EXERCISE INSTRUCTIONS ->
Everything below from the line with "Kalhoty BDU TIGER STRIPE CAMO URBAN vel. M" through the line with "OPAL Przycisk zwierny" must be retyped exactly, except the pictures.

SUPPLIED ENTRIES ->

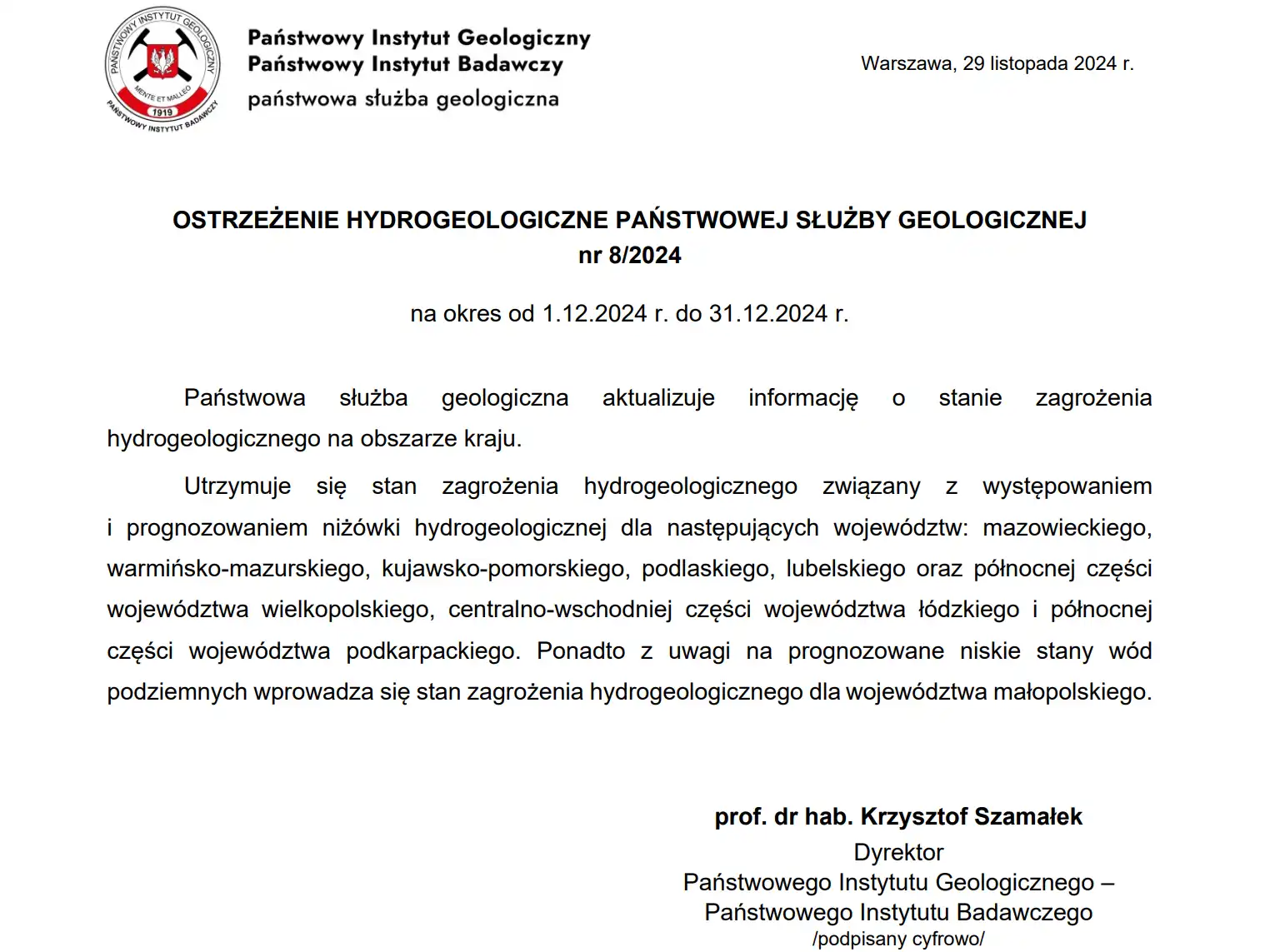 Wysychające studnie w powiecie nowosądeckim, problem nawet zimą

...

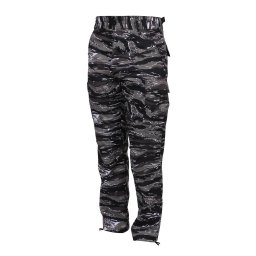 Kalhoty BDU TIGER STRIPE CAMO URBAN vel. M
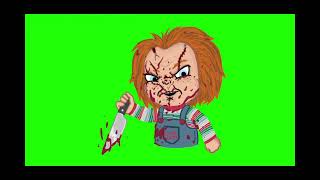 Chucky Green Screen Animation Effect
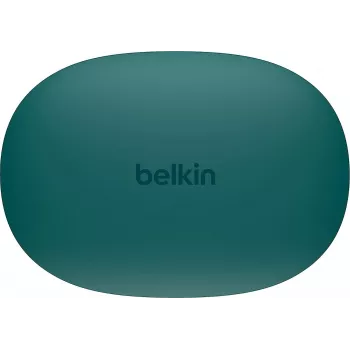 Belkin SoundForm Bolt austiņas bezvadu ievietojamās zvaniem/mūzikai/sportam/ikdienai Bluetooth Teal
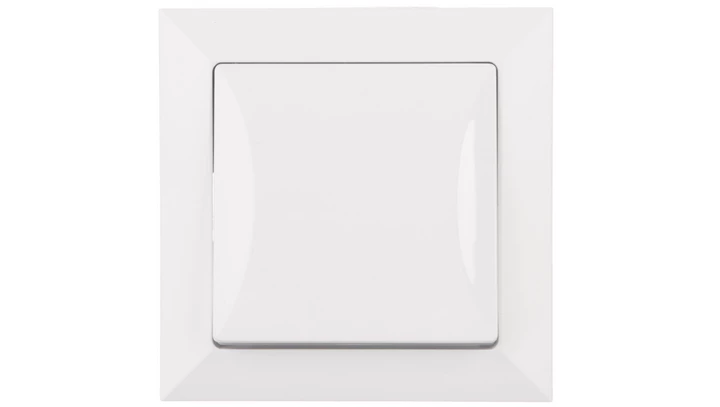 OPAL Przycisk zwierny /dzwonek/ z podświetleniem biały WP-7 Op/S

ANSWER BELOW ->
 Kalhoty BDU TIGER STRIPE CAMO URBAN vel. M
 Chucky Green Screen Animation Effect
 Belkin SoundForm Bolt austiņas bezvadu ievietojamās zvaniem/mūzikai/sportam/ikdienai Bluetooth Teal
 OPAL Przycisk zwierny /dzwonek/ z podświetleniem biały WP-7 Op/S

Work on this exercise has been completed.